“O povo continua na rua, agora rumo ao socialismo”. A consigna, inscrita em muitas das camisetas vermelhas, dá o tom do estado de espírito dos milhares de venezuelanos que inundaram ruas de Caracas para comemorar o primeiro de maio. A concentração dos chavistas (ou bolivarianos, como eles preferem) foi iniciada no bairro La Bandera, por volta das 8h da manhã, e deslocou-se pelas avenidas Nueva Granada e Fuerzas Armadas até a Urdaneta (a mesma usada para lembrar o golpe de abril de 2002), esquina Las Carmelitas, a duas quadras do palácio presidencial Miraflores, no centro da cidade. Com grupos musicais, bandeiras, cartazes e, claro, discursos, a manifestação foi até o início da noite.

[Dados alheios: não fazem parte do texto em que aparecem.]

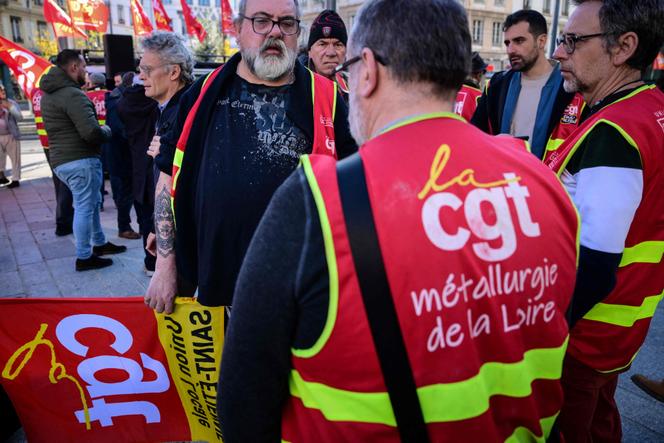 Des salariés du groupe ACI, lors d’un rassemblement devant le tribunal des activités économiques de Lyon, le 9 décembre 2025.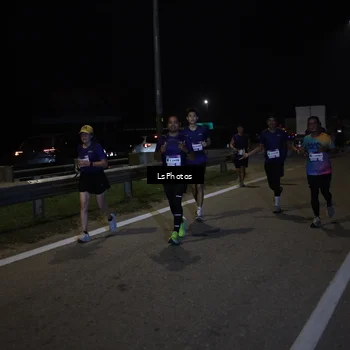 Runner Photo 7344767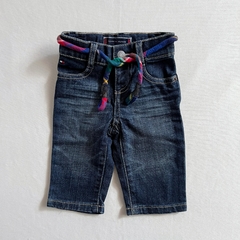 TALLE 3/6 MESES - JEAN RECTO AZUL CINTURON COLORES MOÑO BOLSILLOS - TOMMY HILFIGER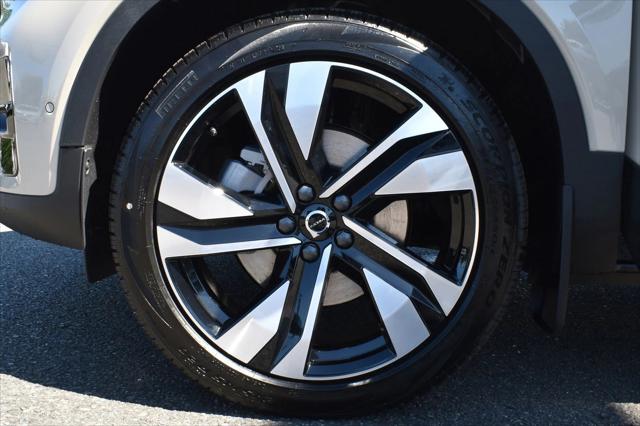 2025 Volvo XC40 Plus Dark Theme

No imenso palco, as palavras de ordem: “Trabalhadores anti-imperialistas. Pela soberania e pela paz. Unidos construiremos o socialismo”.
O ato serviu também para festejar os 30% de reajuste do salário mínimo, anunciado na véspera pelo presidente Hugo Chávez, destacando que agora a Venezuela tem o maior piso salarial da América Latina. Passou para o equivalente a 372 dólares (para propiciar as comparações), sem incluir o tíquete de alimentação (Segundo o sítio da Telesur, o mínimo da Argentina está em 310 dólares e o do Chile em 266). No Brasil, deve estar agora em torno de 240 dólares, certo?
A mobilização foi organizada pelas forças sindicais mais ou menos alinhadas com a União Nacional dos Trabalhadores (UNT), uma entidade que tentou unir os sindicatos e federações próximos ao chavismo, a partir de 2003. Tentou, mas ao que parece perduraram muitas dificuldades. Atualmente, em meio à natural polêmica, os dirigentes sindicais mais identificados com o governo reorganizam a UNT e criam uma nova central, a Força Socialista Bolivariana dos Trabalhadores (FSBT). Participaram do ato os partidos governistas (eles chamam oficialistas), como o Partido Socialista Unido da Venezuela (PSUV), recém criado por Chávez e presidido por ele, o Partido Comunista (PCV) e o Pátria Para Todos (PPT).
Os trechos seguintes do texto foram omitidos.